--- START ---

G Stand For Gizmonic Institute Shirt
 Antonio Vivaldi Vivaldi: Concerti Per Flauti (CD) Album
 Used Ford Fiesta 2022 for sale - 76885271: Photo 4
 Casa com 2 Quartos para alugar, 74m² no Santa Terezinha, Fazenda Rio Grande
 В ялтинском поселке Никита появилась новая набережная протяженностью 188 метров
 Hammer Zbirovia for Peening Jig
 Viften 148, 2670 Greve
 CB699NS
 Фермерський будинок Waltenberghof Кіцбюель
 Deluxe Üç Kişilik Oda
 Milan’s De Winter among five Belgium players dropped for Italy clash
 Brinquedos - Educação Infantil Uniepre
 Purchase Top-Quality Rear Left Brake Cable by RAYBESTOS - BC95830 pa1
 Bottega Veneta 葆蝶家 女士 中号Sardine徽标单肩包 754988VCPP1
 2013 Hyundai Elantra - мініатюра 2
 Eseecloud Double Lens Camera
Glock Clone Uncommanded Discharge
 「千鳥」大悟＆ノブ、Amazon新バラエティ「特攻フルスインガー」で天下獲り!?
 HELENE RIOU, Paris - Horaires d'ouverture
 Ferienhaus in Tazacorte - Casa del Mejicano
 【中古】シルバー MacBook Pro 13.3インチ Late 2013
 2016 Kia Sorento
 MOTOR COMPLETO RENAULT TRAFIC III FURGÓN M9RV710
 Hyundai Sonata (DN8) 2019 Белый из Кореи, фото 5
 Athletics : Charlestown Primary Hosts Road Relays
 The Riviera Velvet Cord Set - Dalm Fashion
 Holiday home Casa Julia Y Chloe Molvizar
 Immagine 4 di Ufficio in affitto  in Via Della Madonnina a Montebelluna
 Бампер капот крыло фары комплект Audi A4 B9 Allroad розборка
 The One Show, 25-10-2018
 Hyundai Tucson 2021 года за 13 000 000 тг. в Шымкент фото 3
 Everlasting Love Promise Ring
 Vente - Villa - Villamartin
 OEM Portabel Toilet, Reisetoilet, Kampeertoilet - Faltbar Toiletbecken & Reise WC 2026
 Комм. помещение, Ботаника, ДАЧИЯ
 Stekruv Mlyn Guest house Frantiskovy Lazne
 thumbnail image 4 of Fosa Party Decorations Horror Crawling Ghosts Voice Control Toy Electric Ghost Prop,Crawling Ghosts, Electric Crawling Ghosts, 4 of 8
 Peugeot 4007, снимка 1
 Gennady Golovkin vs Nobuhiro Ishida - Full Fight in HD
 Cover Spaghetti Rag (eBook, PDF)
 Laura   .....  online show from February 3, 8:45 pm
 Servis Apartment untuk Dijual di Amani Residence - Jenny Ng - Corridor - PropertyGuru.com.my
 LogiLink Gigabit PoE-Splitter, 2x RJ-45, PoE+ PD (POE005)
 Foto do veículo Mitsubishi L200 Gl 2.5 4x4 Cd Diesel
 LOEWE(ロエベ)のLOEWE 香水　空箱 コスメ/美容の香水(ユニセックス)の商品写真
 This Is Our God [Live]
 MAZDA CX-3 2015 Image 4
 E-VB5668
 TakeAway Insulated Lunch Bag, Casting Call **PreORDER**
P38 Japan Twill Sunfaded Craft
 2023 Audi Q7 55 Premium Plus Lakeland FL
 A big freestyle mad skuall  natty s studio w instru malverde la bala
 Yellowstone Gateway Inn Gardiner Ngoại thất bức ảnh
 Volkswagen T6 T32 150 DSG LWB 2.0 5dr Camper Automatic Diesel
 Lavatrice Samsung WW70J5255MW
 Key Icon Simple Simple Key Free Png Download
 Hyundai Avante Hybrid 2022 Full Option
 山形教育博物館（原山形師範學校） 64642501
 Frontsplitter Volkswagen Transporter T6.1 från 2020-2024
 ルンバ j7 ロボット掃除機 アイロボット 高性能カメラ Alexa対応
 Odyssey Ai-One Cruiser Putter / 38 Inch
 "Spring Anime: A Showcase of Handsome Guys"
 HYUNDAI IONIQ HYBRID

--- END ---

Whatever else the listing above holds, retype exactly only the lines from the one containing "OEM Portabel Toilet, Reisetoilet, Kampeertoilet" to the one containing "Peugeot 4007, снимка 1", both ends kept.

 OEM Portabel Toilet, Reisetoilet, Kampeertoilet - Faltbar Toiletbecken & Reise WC 2026
 Комм. помещение, Ботаника, ДАЧИЯ
 Stekruv Mlyn Guest house Frantiskovy Lazne
 thumbnail image 4 of Fosa Party Decorations Horror Crawling Ghosts Voice Control Toy Electric Ghost Prop,Crawling Ghosts, Electric Crawling Ghosts, 4 of 8
 Peugeot 4007, снимка 1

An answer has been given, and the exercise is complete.